Abstracts of issue 5-6 (1987)

Markos Dragoumis

Melpo Merlier’s Contribution to Greek Music

For over forty years Melpo Merlier (1890-1979) was a central figure in the spiritual and artistic life of Greece. Most important was her contribution to the promotion of Modern Greek folk culture. In 1919 she became, in Paris, a friend and pupil of Maurice Emmanuel and André Pirro and an assistant to professor Perno, in his chair of Modern Greek at Sorbonne.
She was the first Greek woman to collect and notate Greek folk songs (Roumeli 1922). In 1923 she married Octave Merlier (1897-1976), who was to become later director of the French Institute in Athens. It was with him and a group of Greek intellectuals (Penelope Delta, Ph.
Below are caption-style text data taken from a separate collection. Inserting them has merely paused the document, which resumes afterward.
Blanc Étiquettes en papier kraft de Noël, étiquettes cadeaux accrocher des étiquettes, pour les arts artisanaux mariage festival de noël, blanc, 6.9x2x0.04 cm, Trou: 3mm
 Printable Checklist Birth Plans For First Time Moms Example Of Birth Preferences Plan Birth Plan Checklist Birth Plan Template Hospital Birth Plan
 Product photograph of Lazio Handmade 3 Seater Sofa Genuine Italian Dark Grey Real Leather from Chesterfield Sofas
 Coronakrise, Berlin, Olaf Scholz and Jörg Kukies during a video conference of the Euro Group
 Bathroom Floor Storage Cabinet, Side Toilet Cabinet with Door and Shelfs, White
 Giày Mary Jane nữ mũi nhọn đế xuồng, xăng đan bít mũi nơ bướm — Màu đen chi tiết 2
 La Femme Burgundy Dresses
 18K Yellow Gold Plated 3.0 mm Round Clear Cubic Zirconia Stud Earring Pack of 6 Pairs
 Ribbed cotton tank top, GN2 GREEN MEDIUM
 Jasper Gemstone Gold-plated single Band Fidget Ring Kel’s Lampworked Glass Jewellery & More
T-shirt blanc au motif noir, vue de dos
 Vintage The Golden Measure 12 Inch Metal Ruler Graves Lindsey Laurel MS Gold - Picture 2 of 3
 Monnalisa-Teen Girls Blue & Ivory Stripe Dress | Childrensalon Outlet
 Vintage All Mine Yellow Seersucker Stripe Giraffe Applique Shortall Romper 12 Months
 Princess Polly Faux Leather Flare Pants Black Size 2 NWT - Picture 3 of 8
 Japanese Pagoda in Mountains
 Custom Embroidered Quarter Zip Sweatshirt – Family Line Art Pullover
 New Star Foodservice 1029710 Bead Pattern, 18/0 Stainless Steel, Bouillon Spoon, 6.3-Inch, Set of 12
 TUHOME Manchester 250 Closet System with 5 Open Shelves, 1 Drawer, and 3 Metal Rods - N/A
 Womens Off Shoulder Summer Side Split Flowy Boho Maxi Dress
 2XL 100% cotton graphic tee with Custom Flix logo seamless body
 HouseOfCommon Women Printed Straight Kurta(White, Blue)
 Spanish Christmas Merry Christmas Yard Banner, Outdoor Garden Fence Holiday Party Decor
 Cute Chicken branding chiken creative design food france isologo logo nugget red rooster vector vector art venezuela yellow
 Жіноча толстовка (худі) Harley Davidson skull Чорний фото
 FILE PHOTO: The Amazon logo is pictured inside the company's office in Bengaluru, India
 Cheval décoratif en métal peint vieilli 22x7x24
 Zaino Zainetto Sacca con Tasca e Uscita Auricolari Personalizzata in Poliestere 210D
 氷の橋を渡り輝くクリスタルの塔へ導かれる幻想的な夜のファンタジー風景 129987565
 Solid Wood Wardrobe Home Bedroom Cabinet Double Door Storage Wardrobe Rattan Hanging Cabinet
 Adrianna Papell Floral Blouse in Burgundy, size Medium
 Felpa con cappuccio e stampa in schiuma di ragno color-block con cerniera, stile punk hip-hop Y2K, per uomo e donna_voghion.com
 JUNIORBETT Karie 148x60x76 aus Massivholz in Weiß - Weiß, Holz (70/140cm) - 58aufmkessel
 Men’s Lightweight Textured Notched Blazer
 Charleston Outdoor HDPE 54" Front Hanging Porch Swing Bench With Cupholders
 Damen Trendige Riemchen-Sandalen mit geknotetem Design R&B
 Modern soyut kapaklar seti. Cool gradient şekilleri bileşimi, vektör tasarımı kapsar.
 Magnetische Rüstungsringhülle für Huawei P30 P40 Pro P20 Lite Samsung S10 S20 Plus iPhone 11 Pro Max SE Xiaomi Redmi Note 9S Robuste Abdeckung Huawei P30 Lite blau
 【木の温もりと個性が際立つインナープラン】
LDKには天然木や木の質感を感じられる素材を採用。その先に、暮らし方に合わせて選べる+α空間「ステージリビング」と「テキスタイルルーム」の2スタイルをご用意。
Dragoumis, I. Athanasiou, P. Mazarakis, Chrysanthos, bishop of Trebizond) that founded the Folk Song Society (named in 1935 Folk Music Archives and incorporated later to the Center of Asia Minor Studies, which was founded by her as well), on the lines of the Institute of Phonology in Paris.
A grant from the Greek government of Venizelos and technical equipment offered by the French Pathé, enabled the Folk Song Society to record in 1930-1931 222 78 r.p.m. plates of Greek folk music (A selection from those recordings is included in the LP entitled Folk Songs from the Melpo Merlier Collection, issued by Phonogram in 1975 in Athens).
As an ethnomusicologist, Melpo Merlier (who was also active as a pianist, music instructor and musicologist) contributed to the preservation of an invaluable treasure of folk songs.
The article includes a list of her writings.